Le viol présumé d’enfants soldats dans la milice congolaise a été au cœur du témoignage apporté jeudi par un témoin appelé par les avocats de l’ancien chef rebelle Bosco Ntaganda. M. Ntaganda, qui est jugé devant la Cour pénale internationale (CPI) depuis septembre 2015, est accusé de 18 chefs de crimes de guerre et de crimes contre l’humanité, notamment de viol et d’abus sexuel d’enfants soldats.
Le témoin D251, qui a servi dans le groupe rebelle appelé l’Union des patriotes congolais (UPC), a remis en cause le récit d’un témoin de l’accusation dénommé témoin P10, un ancien enfant soldat présumé de l’UPC, qui a déclaré qu’il y avait des abus sexuels au sein de l’UPC. Elle a témoigné en majeure partie à huis clos.
Selon la défense, le témoignage du témoin D251 – combattante dans l’UPC en 2002 – contredit le témoignage de l’accusation sur le traitement par M. Ntaganda des soldats et des personnes de son escorte de sexe féminin et sur les viols et abus sexuels présumés des gardes du corps de M. Ntaganda. Son témoignage concernait également des témoins spécifiques de l’accusation qui avaient apporté une déposition au sujet de viols et d’abus sexuels d’enfants soldats, comme le témoin P10.
Lorsque le témoin P10 a témoigné au procès Ntaganda en novembre 2015, elle a déclaré que ses anciens commandants de l’UPC l’avaient violée. Lors de sa première comparution, elle n’avait pu témoigner malgré le fait qu’elle ait été protégée de la vue de M. Ntaganda. M. Ntaganda avait accepté de quitter la salle d’audience et de suivre le procès à distance.

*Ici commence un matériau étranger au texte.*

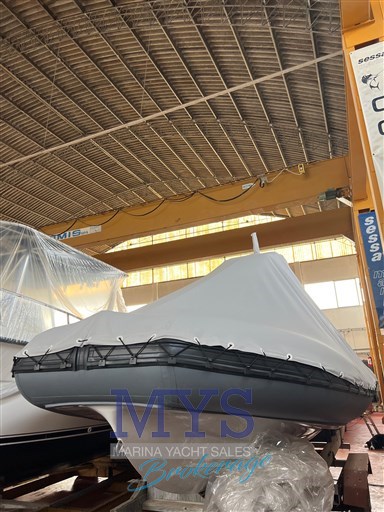 CAPELLI 700 FISHING (8)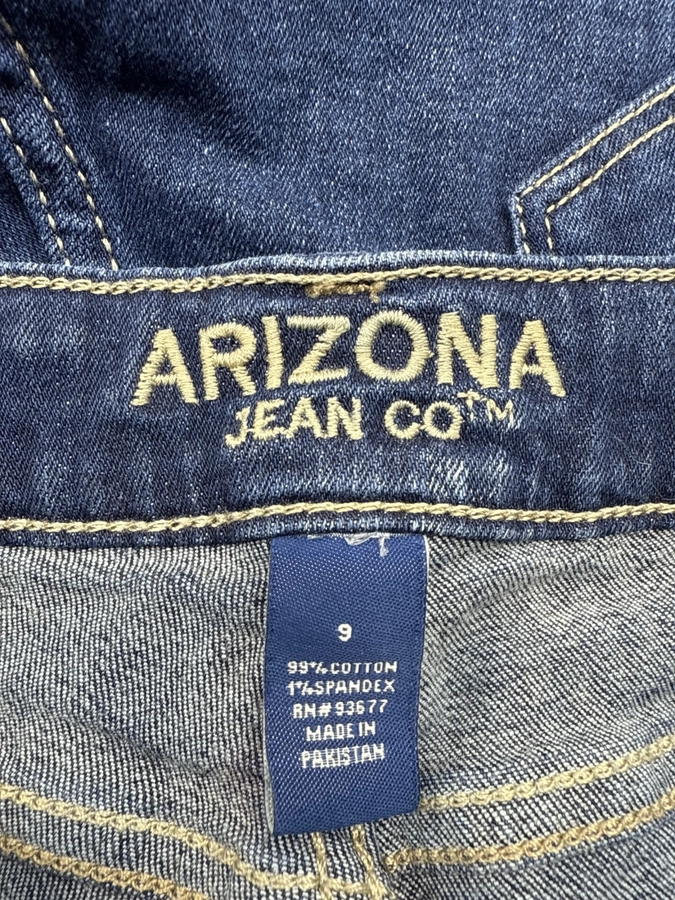 Arizona Jean Co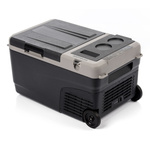 Meteor M30 Compressor Fridge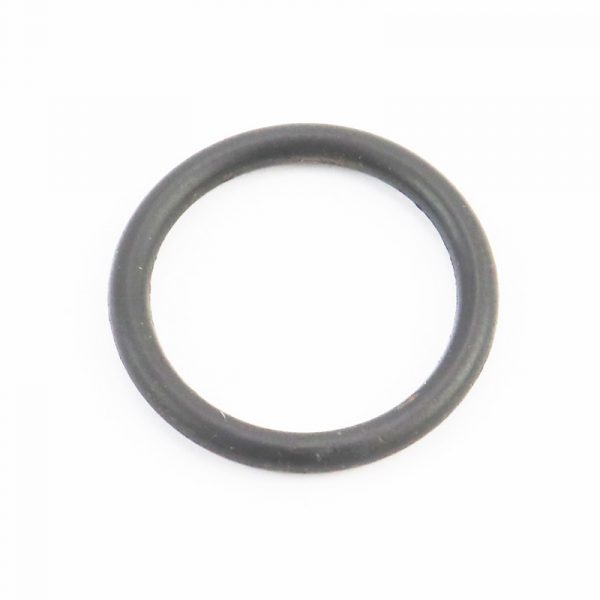 Манжет вторичного вала КПП Bajaj BOXER BM/ВМX 150cc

Le témoin P-010, qui avait déclaré avoir été enrôlé dans l’UPC à l’âge de 13 ans, a témoigné une première fois devant la Cour en 2009 lors du procès de Thomas Lubanga, l’ancien commandant en chef du groupe qui purge actuellement une peine de prison de 14 ans pour le recrutement et l’utilisation d’enfants soldats dans un conflit armé.
Lors de son témoignage apporté au procès Lubanga, le témoin P10 avait indiqué que les commandants de l’UPC avaient régulièrement des relations sexuelles forcées avec des recrues de sexe féminin. Elle avait également précisé que les recrues, dont certaines avaient moins de 13 ans, étaient soumises à un entraînement brutal et à de l’endoctrinement.
Les avocats de M. Lubanga avaient laissé entendre que le témoin P10 était adulte lorsqu’elle avait rejoint l’UPC en 2002 et qu’elle avait été membre d’une milice rivale depuis 1999. Dans le jugement du procès Lubanga, les juges avaient indiqué qu’ils ne pouvaient pas s’appuyer sur de « nombreux aspects » de son témoignage étant donné les contradictions présentes entre son témoignage et les preuves documentaires suggérant qu’elle avait moins de 15 ans lorsqu’elle servait dans l’UPC.
Dans le procès actuel, l’avocat de la défense Stéphane Bourgon a affirmé que la déposition du témoin P10 sur le rôle de M. Ntaganda dans la commission des atrocités lors du conflit ethnique armé qui s’est déroulé dans le district de l’Ituri, au Congo, était motivée par un profit personnel. Selon Me Bourgon, le témoin avait fait de nouvelles déclarations afin de récupérer le statut de victime au procès Ntaganda, statut perdu lors du procès Lubanga. La défense a indiqué qu’elle mettrait en cause le témoin.
Le témoin D251 a été ajouté tardivement à la liste des témoins de la défense en raison de difficultés pour le contacter. Les procureurs se sont opposés à son admission après que l’accusé ait conclu son témoignage.
Les juges ont décidé que le témoin D251 devrait apporter des éléments de preuve à décharge sur diverses questions d’importance de cette affaire, notamment le traitement par M. Ntaganda des personnes de son escorte de sexe féminin et son attitude vis-à-vis des relations entre les soldats et les gardes du corps de sexe féminin. Ils ont également accédé à la demande de la défense pour que le témoin comparaisse via un lien vidéo.
Les juges ont toutefois refusé d’admettre la déclaration du témoin D251 enregistrée en octobre dernier. L’accusation s’est opposée à la demande de la défense de soumettre la déclaration enregistrée, soutenant que le témoin aurait dû témoigner oralement car son témoignage était « sensiblement en conflit et central pour l’affaire de l’accusé », contredisait le témoignage « fortement à charge » d’autres témoins, y compris le témoin P10, et concernait de 15 à 18 des charges retenues à l’encontre de M. Ntaganda.